Input data:

.....

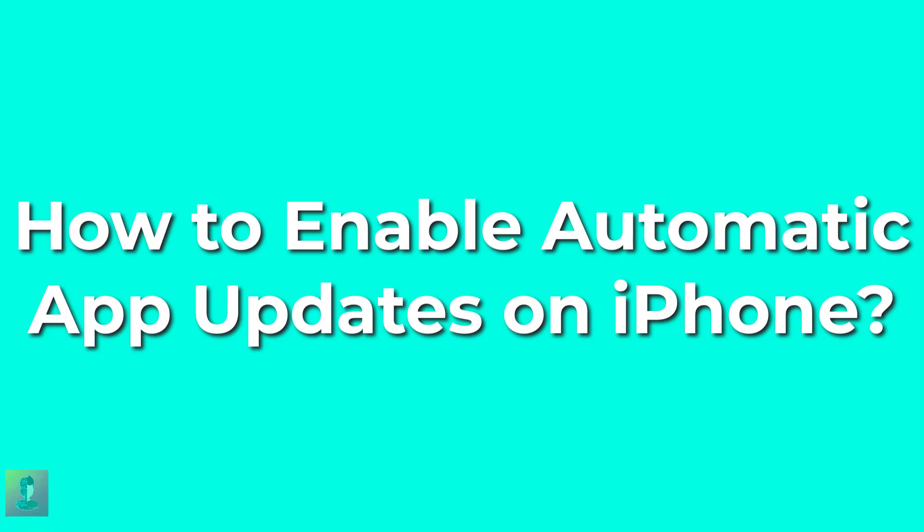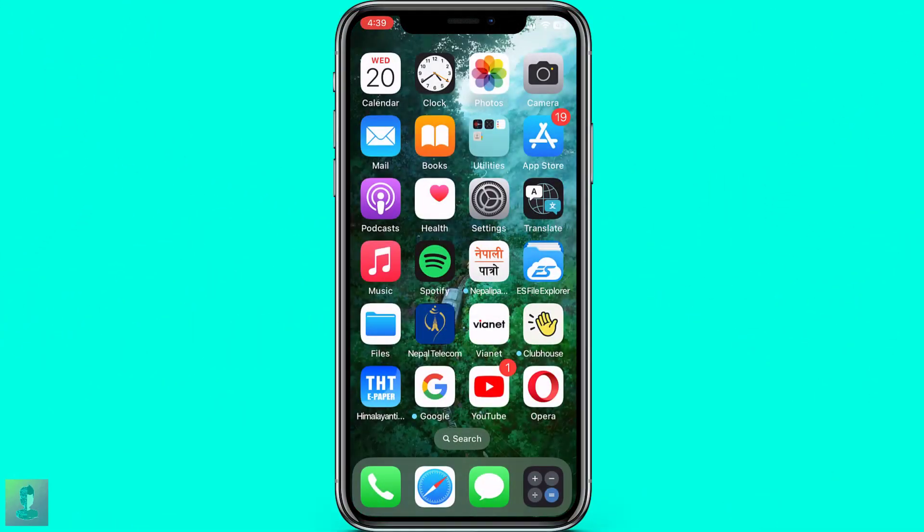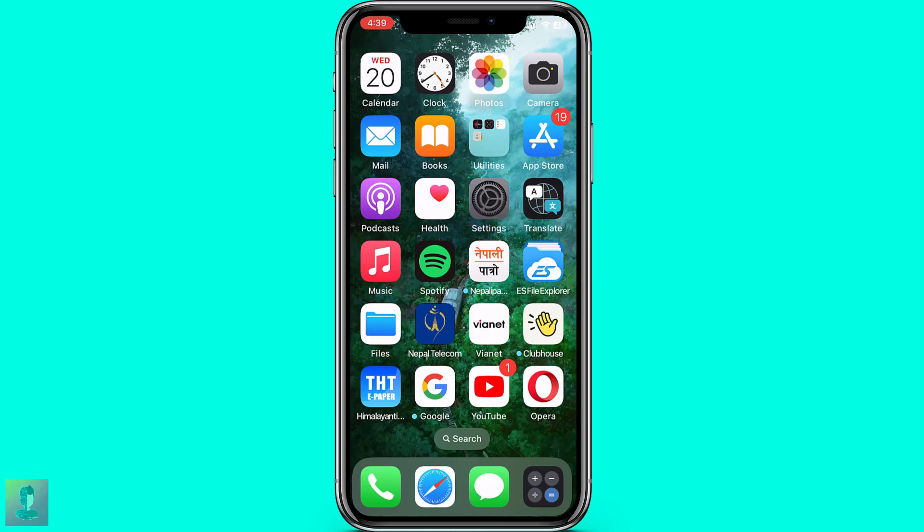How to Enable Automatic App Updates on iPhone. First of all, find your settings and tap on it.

.....

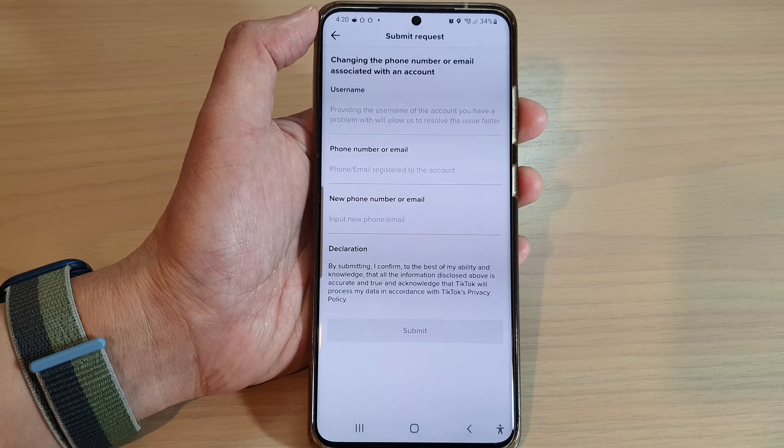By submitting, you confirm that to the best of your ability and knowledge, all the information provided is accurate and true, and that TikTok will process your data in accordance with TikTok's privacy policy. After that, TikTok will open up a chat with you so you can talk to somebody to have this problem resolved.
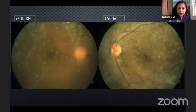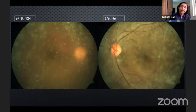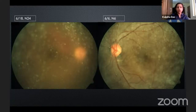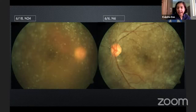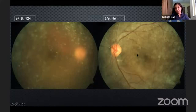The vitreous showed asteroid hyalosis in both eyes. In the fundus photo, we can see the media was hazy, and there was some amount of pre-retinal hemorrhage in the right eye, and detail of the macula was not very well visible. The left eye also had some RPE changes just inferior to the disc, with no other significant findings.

.....

Exercise:
From the records above, write out exactly the lines that begin at the line with "By submitting, you" and end at the line with "The vitreous showed". Pictures must not appear in the output.

Response to the task:
By submitting, you confirm that to the best of your ability and knowledge, all the information provided is accurate and true, and that TikTok will process your data in accordance with TikTok's privacy policy. After that, TikTok will open up a chat with you so you can talk to somebody to have this problem resolved.
The vitreous showed asteroid hyalosis in both eyes. In the fundus photo, we can see the media was hazy, and there was some amount of pre-retinal hemorrhage in the right eye, and detail of the macula was not very well visible. The left eye also had some RPE changes just inferior to the disc, with no other significant findings.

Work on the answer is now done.